La région Centre-Nord est tristement célèbre pour la fréquence des embuscades, des attaques et l’emploi d’engins explosifs improvisés par la branche locale du JNIM, considérée comme le groupe jihadiste le plus actif du Sahel central. Cette zone est également un refuge pour des dizaines de milliers de déplacés internes fuyant la violence au nord du pays. Barsalogho se trouve à seulement 145 kilomètres de la capitale, Ouagadougou.
Depuis le coup d’État de septembre 2022, le capitaine Traoré a érigé la lutte contre le terrorisme en priorité absolue, déclarant consacrer « 80% de son temps à la guerre » pour reprendre le contrôle de l’intégralité du territoire. Malgré l’arrivée d’une centaine d’instructeurs et de mercenaires russes, dont le rôle principal semble être la protection personnelle de Traoré, la stratégie de reconquête s’appuie davantage sur l’acquisition de matériel militaire, notamment des drones de combat d’origine turque, et sur une forte implication de la population civile via le recrutement de volontaires. Malheureusement, des civils critiques envers la junte militaire ont également été contraints de rejoindre le front, souvent en guise de punition.

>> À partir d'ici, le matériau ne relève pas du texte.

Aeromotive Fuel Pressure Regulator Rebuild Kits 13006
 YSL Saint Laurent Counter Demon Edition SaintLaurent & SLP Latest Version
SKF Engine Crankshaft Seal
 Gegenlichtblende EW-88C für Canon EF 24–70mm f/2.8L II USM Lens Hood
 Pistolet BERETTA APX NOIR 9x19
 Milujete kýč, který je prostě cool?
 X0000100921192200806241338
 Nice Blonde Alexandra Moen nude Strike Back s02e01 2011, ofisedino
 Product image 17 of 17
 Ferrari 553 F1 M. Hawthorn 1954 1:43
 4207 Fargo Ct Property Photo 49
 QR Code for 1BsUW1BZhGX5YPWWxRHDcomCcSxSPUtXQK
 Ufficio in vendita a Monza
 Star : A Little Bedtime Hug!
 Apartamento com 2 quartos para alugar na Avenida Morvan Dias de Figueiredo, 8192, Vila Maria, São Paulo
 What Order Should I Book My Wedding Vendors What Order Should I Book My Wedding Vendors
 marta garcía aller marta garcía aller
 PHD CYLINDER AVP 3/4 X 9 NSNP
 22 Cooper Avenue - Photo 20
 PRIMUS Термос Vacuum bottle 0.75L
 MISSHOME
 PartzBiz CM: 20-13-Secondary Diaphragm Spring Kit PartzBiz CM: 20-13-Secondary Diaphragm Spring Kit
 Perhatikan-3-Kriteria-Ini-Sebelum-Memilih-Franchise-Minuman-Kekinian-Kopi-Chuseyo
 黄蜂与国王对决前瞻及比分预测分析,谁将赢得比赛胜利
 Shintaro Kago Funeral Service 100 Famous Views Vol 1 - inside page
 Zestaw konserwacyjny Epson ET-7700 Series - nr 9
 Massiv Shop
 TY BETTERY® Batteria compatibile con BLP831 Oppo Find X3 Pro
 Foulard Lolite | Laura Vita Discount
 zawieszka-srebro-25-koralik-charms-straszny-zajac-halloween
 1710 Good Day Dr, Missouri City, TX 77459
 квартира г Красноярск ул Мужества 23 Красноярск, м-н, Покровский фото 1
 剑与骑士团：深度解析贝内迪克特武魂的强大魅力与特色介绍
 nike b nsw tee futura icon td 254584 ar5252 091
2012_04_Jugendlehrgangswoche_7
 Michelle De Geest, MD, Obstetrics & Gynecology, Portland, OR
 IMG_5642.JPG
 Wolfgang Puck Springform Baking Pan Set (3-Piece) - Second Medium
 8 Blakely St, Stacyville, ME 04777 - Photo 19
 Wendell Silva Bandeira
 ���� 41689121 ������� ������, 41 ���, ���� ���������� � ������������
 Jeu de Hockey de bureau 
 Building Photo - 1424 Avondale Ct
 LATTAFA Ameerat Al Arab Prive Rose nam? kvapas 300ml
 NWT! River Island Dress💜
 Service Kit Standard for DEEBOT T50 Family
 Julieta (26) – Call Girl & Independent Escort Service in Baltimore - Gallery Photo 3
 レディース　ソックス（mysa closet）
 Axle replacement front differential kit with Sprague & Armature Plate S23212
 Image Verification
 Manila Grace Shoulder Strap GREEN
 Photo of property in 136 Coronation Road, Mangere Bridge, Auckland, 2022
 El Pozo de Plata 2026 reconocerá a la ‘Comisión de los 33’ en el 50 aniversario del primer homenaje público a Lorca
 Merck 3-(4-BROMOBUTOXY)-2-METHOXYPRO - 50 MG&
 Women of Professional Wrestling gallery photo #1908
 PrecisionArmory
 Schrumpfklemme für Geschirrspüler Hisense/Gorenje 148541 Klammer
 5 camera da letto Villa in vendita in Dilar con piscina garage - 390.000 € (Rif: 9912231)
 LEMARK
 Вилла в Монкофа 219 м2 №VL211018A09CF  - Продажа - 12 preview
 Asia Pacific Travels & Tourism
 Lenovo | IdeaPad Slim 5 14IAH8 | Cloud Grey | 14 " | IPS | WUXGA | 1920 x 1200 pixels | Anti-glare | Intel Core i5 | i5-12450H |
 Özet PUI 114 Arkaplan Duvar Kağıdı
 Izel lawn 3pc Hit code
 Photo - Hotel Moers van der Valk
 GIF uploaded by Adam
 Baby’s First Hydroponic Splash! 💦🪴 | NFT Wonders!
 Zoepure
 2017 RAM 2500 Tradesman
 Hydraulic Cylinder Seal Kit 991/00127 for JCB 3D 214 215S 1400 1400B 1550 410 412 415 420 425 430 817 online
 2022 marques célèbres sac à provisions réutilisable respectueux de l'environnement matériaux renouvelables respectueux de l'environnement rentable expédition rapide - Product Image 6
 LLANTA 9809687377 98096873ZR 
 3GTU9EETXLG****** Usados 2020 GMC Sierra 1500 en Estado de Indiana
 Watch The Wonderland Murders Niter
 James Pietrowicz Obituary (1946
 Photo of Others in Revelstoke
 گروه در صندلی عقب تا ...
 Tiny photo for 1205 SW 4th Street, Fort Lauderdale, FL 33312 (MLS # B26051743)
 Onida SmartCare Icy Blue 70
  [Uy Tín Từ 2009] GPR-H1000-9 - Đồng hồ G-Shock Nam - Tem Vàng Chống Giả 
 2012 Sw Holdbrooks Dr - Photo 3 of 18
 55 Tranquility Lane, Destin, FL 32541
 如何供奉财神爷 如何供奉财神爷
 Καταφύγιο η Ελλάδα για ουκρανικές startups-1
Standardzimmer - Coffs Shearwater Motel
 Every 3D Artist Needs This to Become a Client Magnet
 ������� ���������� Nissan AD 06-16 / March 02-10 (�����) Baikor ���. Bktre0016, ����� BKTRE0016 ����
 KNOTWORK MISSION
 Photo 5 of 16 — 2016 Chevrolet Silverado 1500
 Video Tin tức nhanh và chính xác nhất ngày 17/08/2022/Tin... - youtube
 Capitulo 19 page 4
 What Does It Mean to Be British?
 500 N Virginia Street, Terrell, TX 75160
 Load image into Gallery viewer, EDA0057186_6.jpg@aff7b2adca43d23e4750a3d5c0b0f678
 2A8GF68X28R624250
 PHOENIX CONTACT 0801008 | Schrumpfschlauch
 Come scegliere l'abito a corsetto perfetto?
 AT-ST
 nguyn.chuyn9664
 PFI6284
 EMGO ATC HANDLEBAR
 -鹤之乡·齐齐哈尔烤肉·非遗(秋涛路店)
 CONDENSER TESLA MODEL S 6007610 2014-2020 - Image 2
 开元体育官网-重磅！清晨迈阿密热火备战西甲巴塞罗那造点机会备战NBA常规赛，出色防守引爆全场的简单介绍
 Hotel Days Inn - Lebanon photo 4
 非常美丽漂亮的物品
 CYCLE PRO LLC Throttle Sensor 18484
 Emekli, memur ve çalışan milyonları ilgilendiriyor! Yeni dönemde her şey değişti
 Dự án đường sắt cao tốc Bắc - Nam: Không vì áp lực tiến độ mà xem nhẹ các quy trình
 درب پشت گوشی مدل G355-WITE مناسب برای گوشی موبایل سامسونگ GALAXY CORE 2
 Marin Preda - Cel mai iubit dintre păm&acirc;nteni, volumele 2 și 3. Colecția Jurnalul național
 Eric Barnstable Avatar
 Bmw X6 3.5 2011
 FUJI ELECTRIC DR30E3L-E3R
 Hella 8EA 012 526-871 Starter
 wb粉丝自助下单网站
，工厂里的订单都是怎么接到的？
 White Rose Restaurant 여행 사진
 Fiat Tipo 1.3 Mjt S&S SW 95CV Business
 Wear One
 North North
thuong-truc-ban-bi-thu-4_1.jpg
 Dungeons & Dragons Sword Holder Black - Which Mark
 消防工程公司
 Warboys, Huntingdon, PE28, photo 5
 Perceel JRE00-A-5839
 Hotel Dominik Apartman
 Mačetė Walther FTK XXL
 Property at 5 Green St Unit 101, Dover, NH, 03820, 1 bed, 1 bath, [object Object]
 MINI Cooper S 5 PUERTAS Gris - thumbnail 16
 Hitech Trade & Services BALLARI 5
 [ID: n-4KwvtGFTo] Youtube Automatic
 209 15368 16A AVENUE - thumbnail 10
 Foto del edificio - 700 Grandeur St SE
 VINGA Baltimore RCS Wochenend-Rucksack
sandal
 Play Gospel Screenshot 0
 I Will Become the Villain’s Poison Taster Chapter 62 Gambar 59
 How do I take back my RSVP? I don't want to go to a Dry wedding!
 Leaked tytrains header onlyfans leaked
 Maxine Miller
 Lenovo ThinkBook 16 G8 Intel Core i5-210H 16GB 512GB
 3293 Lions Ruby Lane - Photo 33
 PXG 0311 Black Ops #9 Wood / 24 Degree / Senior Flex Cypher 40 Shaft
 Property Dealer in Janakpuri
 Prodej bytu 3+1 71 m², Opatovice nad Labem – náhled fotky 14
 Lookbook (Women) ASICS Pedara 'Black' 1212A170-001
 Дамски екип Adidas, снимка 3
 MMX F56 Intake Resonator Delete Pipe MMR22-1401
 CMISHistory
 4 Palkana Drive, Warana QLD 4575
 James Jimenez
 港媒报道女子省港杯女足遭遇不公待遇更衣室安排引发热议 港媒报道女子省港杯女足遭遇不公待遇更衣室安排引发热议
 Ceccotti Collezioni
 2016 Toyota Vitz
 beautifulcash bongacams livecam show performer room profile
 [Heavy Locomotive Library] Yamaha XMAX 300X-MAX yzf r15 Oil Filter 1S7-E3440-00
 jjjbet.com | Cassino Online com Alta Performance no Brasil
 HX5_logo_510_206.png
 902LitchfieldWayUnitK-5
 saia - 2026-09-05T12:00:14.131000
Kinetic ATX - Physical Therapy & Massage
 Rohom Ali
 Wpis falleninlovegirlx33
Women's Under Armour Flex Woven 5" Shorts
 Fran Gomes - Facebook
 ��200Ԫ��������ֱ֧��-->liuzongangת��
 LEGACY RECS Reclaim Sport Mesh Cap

Les volontaires en première ligne face à l’insécurité
Les Volontaires de Défense de la Patrie (VDP), estimés à environ 30 000 en première ligne, reçoivent une formation militaire basique. Cependant, ils se retrouvent fréquemment sans armes ou munitions adéquates pour faire face aux groupes terroristes. Cette vulnérabilité les expose directement, faisant d’eux des cibles privilégiées pour les radicaux, comme en témoigne la tragédie de Barsalogho. Le Projet de Données sur les Événements et les Localisations des Conflits Armés (Acled) rapporte qu’environ 5 000 volontaires ont péri dans diverses attaques depuis la création des VDP en 2019. En dépit de leur engagement patriotique, un mécontentement grandissant se fait sentir au sein de leurs rangs, alors qu’ils perçoivent une modeste prime mensuelle d’environ 120 euros.
Le Burkina Faso est englué dans une insurrection jihadiste depuis 2015, affectant particulièrement le nord, l’est et l’ouest du pays. Cette crise a entraîné des milliers de morts et le déplacement de plus de deux millions de personnes. On estime que plus de la moitié du territoire burkinabé échappe actuellement au contrôle de l’État, avec une présence des forces de défense souvent limitée aux axes routiers majeurs et aux grandes agglomérations. Les attaques des groupes armés contre militaires et civils, y compris les volontaires et leurs familles, sont incessantes. Toutefois, il est important de noter que l’armée et les VDP sont également accusés d’actes de violence. En avril dernier, Human Rights Watch a dénoncé le massacre de 223 civils, dont 56 enfants, dans deux villages du nord, attribuant ces faits aux Forces Armées burkinabées et à leurs auxiliaires civils, des allégations que le gouvernement a catégoriquement rejetées.